Academic projects and professional preparation
At Muhlenberg, Choi has combined hands-on studio art research with critical reading and writing. Her parallel theses—one in studio art, the other in literature—create a two-way conversation between image-making and textual analysis. Through these projects she has cultivated skills in archival study, visual composition and scholarly argumentation. In class and through campus employment she sharpened technical competencies such as layout, typographic decision-making and digital graphic design, while also gaining experience in teamwork, deadlines and public-facing publication. These practical abilities position her to translate creative work into multiple professional pathways after graduation.
Lessons learned
One of the lasting takeaways for Choi has been the value of a reliable support network.
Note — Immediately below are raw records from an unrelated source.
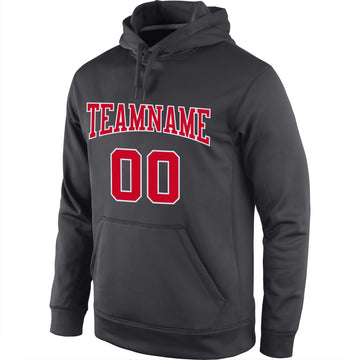 Custom Stitched Anthracite Red-White Sports Pullover Sweatshirt Hoodie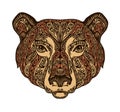 Head bear. Ethnic patterns. Hand drawn vector illustration with floral elements. Grizzly, animal symbol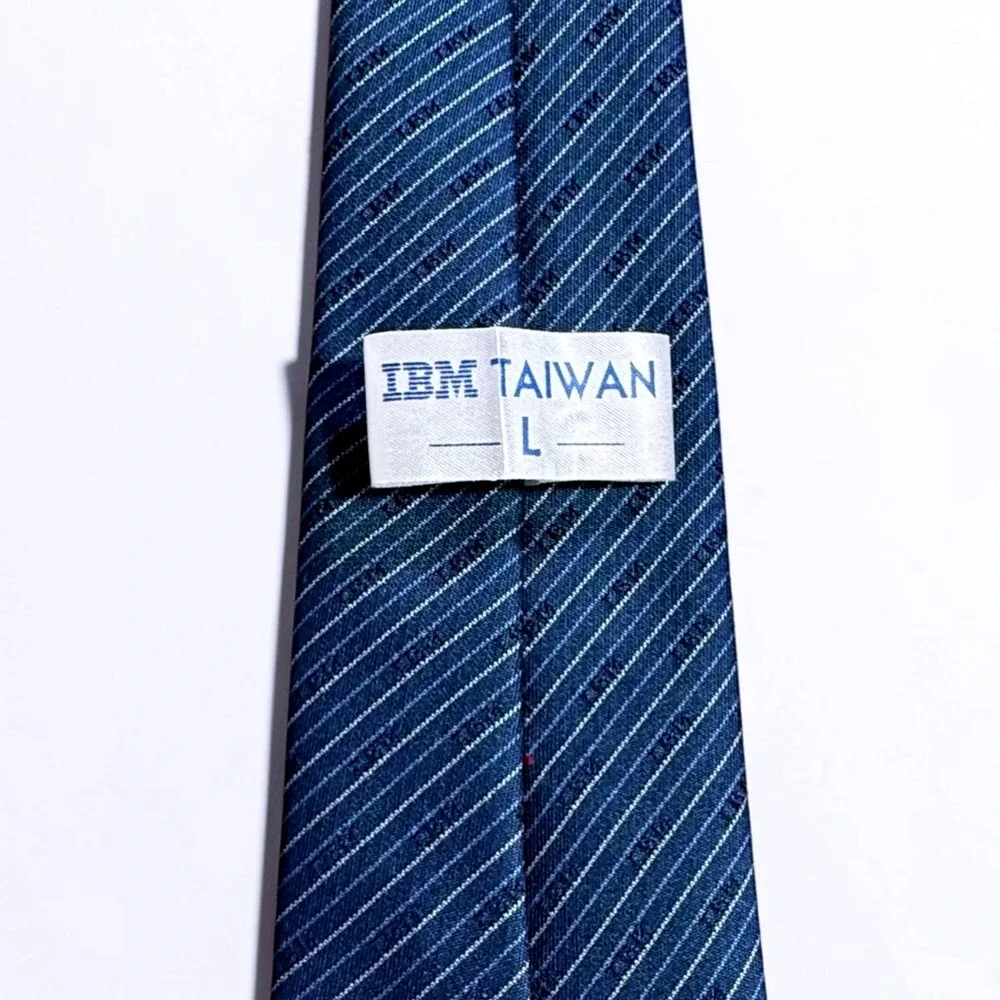 Vintage IBM Taiwan Mens Blue Striped Logo Corporate Necktie Tech Collectible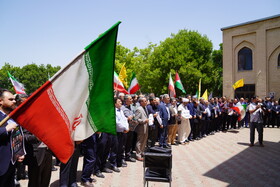 تجمع اعتراضی دانشگاهیان دانشگاه محقق اردبیلی در محکومیت حمله رژیم صهیونیستی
Between peers, mentors and faculty advisors she discovered a system of encouragement that made sustained creative work possible even during busy semesters. She emphasizes that maintaining a healthy work-life balance is an ongoing practice rather than a single achievement, and credits campus relationships with helping her navigate pressure and setbacks. For Choi, conversations with classmates and critiques from professors were as formative as her studio time; they provided context, accountability and emotional ballast.
Advice for emerging artists
Choi urges students to remain curious and to cross disciplinary borders in search of inspiration. Much of her own visual vocabulary has grown from reading poems, listening to music and attending plays. When confronted with a creative block she recommends reframing it as an invitation to look outward: to investigate different media, revisit unfamiliar authors or take walks in new neighborhoods. She also stresses patience—blocks often signal that a different kind of research or experience is needed, not that talent has failed. This approach privileges exploration and long-term growth over instant results.
Looking ahead
As graduation approaches, Choi plans to balance travel with paid work, intending to build experience outside academia before pursuing further study. She expects that graduate school will be a likely next step down the line, but for now she values the chance to regroup and gain new perspectives. That short-term intention—to work, see place beyond campus and refine practical skills—fits neatly with her longer-term aim of returning to scholarly and studio study refreshed. In the meantime, she is taking this transitional moment in stride, allowing space for both production and rest.
Across campus and in her art, Mina Choi’s trajectory is shaped by a commitment to place, an appetite for cross-genre experimentation and a practical orientation toward collaborative projects. Her journey at Muhlenberg illustrates how discipline, institutional opportunities and community support can combine to prepare an artist-scholar for multiple futures while keeping the work itself at the center of the experience.